Campers play two games each day and the two teams with the best record for the week meet in the camp championship on Saturday.  We played on the same meticulously manicured diamonds used by the Twins for their fundamental drills and inter squad games.

On Friday every camper team plays three innings against an All Star team made up of the former major leaguers in camp.  I can tell you from first-hand experience that Bert Blyleven can still throw an impressive curve ball.  The All Star game and the camp championship games are both played at Hammond Stadium, which is the Twins major league home field for all of their spring training games.

Without question, the most memorable part of the fantasy camp experience is the relationships that are forged.  The Pro's that participate in the Twins camp were more than approachable and were genuinely concerned about every camper fulfilling their fantasy.  For me, an old catcher, that fantasy included meeting former Twins catcher, Earl Battey.  Earl's gone now, but growing up he was my favorite Twin.

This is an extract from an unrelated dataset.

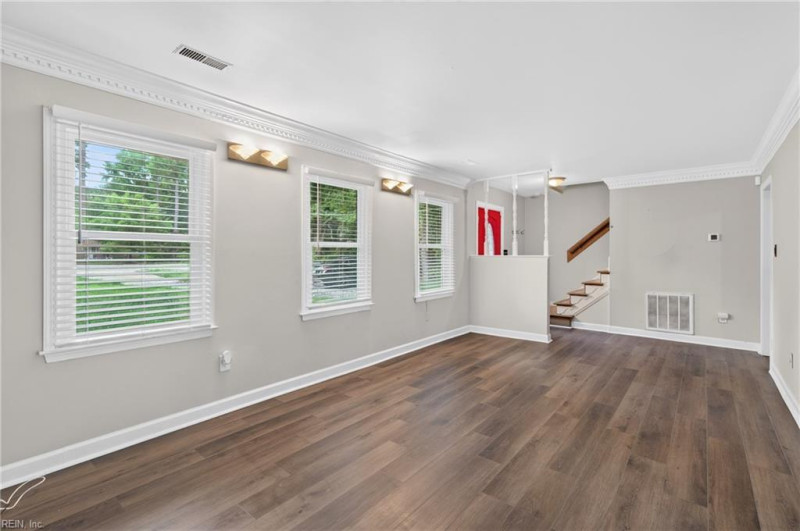 Photo 7 of 32 residential for sale in Hampton virginia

One former Twin that made the camp extra special was Dave Boswell.  "Bos" was a member of the pitching staff for the 1965 Twins team that played the Los Angeles Dodgers in the World Series. He was also a 20 game winner for the '69 Twins.  He and his wife Lou are two of the most genuine people you will ever meet, and all of the Pro's in camp are outstanding ambassadors for the game of baseball.  It's important to remember that many of these guys played at a time when a second job in the off season was necessary if they were to feed a family.  They played for the love of the game and for the chance to compete against the best in the world.  They also share a common objective of continuing to give back to the game that was and remains, a big part of their lives.

It's now been seven years since my first camp (yes, I've been back four more times) and I have made some incredible friendships.  Friendships that I count among my closest and most cherished.  Even though winning the camp championship doesn't earn you a discount on next year's camp, you quickly discover that the desire to compete – at any level – still burns deep.  When you share the field with ten or eleven other teammates, and you're all focused on team success, you naturally develop an esprit de corps.  I rediscovered that it had always been those relationships and the thrill of competition that drove my passion for playing baseball.

So, if you're looking to satisfy that competitive "itch", you too should consider a fantasy camp experience, and the camp is not a "Men Only" club.  Every camp I've attended included female player who are among the camps most avid baseball fans.  If a camp experience sounds like something you'd like to try, you may just discover what I did.  Playing baseball again was an incredible motivator to get off of the couch and get back in the game.  And, I believe we can all learn a lesson from that great philosopher and former major league pitcher Satchel Paige who once asked the question, "How old would you be if you didn't know how old you are?"

Remember - Growing up is inevitable – growing old is optional!